Biostratigraphically, the Bluefish Member probably encompasses the base of the Givetian, where samples from the lower part of the Hare Indian Formation contain conodonts Polygnathus
linguiformis weddigei and Icriodus difficilis, indicating an Early Givetian age (Gouwy, 2016; Uyeno, 2008). Given this age constraint, the onset of the Bluefish Member potentially coincides with the global Kacák Episode, a global phase of black shale
deposition (Walliser & Bultynck, 2011).
MATERIAL AND METHODS
The ConocoPhillips Canada Resources Corporation Mirror Lake N-20 well, drilled approximately 30 km south of Norman Wells and completed in 2013, contains a cored interval preserving
the contact between the Middle Devonian Hume Formation and the overlying Hare Indian Formation (including the basal Bluefish Member). Approximately 50 metres of this core was described, including the Hume and Hare Indian formations, and the lower
part of the overlying Canol Formation.
A geochemical database containing 28 well and outcrop sections was compiled from publications of the Geological Survey of Canada (GSC) and Northwest Territories Geological Survey (NTGS). Data consists of
ICP-MS inorganic elemental geochemistry, Rock-eval, and X-ray Diffraction. Geochemical logs were created from calculations of redox and basin restriction proxies of two available nearby wells. Statistical Primary Components Analysis, a method of
evaluating elemental covariance, was performed using this data compilation. Spectral gamma ray logs, collected using handheld scintillometer from GSC field programs in the summer of 2015 and 2016 were correlated to well gamma-ray logs.

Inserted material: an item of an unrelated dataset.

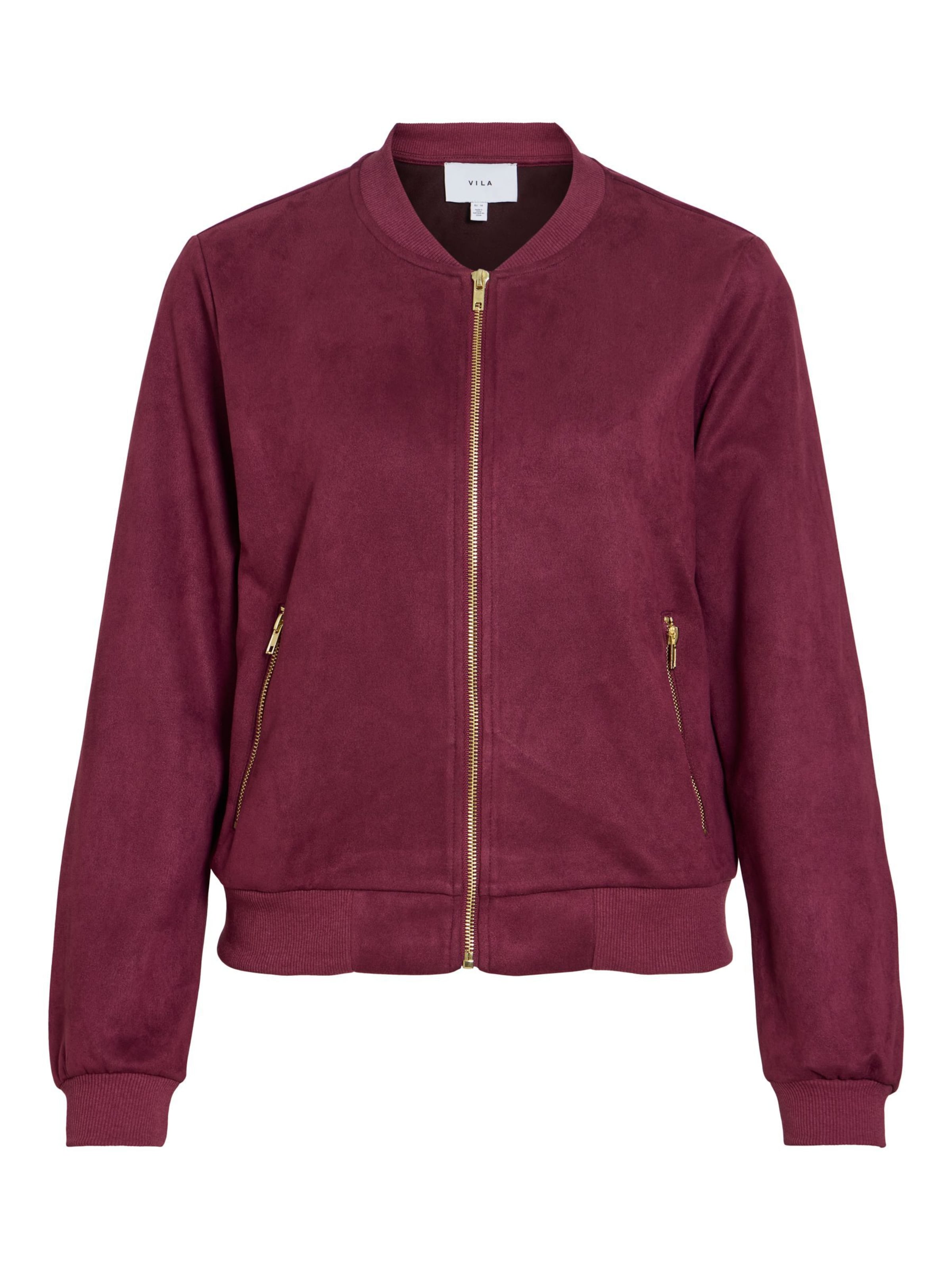VILA Tussenjas 'HANSE' in XS in de kleur Purper, Productweergave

Core descriptions of Mirror Lake N-20 show the preservation of the sharp Hume - Bluefish contact; a slickenslided surface marks the end of the Hume carbonates with the Bluefish black shales above. The Hume Formation preserved many
rugose and other coral species, stromatoporoids, and shell fragments. The Bluefish Member preserves many calcareous, tentaculite-rich laminae in the lower third, pyritized bivalve shells and organic walled orthoconic cephalopods in the middle, and an
arcritarch rich upper third which grades into the Francis Creek Member grey shales.
Geochemical analysis normalizing Molybdenum, Copper, and Nickel to TOC was used as a proxy for basin restriction (Tribovillard et al., 2006). The Hume contains
relatively low ratios, while the Bluefish sharply contrasts with higher ratios (Fig. 2). The higher ratios indicate greater nutrient flux, where elements listed above are introduced. The boundary between the Hume and Bluefish also marks a strong
shift from highly oxic conditions to euxinic (conditions with enrichment of hydrogen sulphide) waters when looking at the excess Mo and V (Fig. 2). The geochemical logs on Figure 2 show three distinct packages within the Bluefish Member: highly
anoxic/euxinic conditions (high excess Mo and V), overlain by more oxygenated conditions (low excess Mo and V), in turn overlain by another anoxic event.
The boundary from Hume to Bluefish shows a phase of deepening water depth.
This is evident in the change from oxic-zone macro-fossils of the Hume, to the appearance of more pelagic species and pyritization of the Bluefish Member. This may also explain the geochemical signatures, where the redox boundary moves up when
entering the Bluefish Member, as evidenced by the redox proxies of excess Mo and V. This could be attributed to the transgressive event, where the change in local water depth results in a shift in the redox boundary upward. These anoxic/euxinic
conditions also coincide with basin nutrient flux, where Mo, Cu, and Ni are replenished more in the Bluefish Member than in the Hume Formation. Given the preliminary biostratigraphic constraint of Bluefish Member, the anoxic event may also coincide
with the global Kacák Episode. This widespread event is attributed to a rise in global sea-level, which is also characteristic of the deposition of the Bluefish Member.
The Hume-Bluefish contact represents a sharp boundary from
shallow water oxic marine conditions to a transgressive anoxic deposition. Lithology from core descriptions shows a change from carbonate-shelf macrofossils in the Hume to pelagic rich shale in the Bluefish. This transgressive surface probably
coincides with the onset of a global sea-level rise, called the Kacák Episode.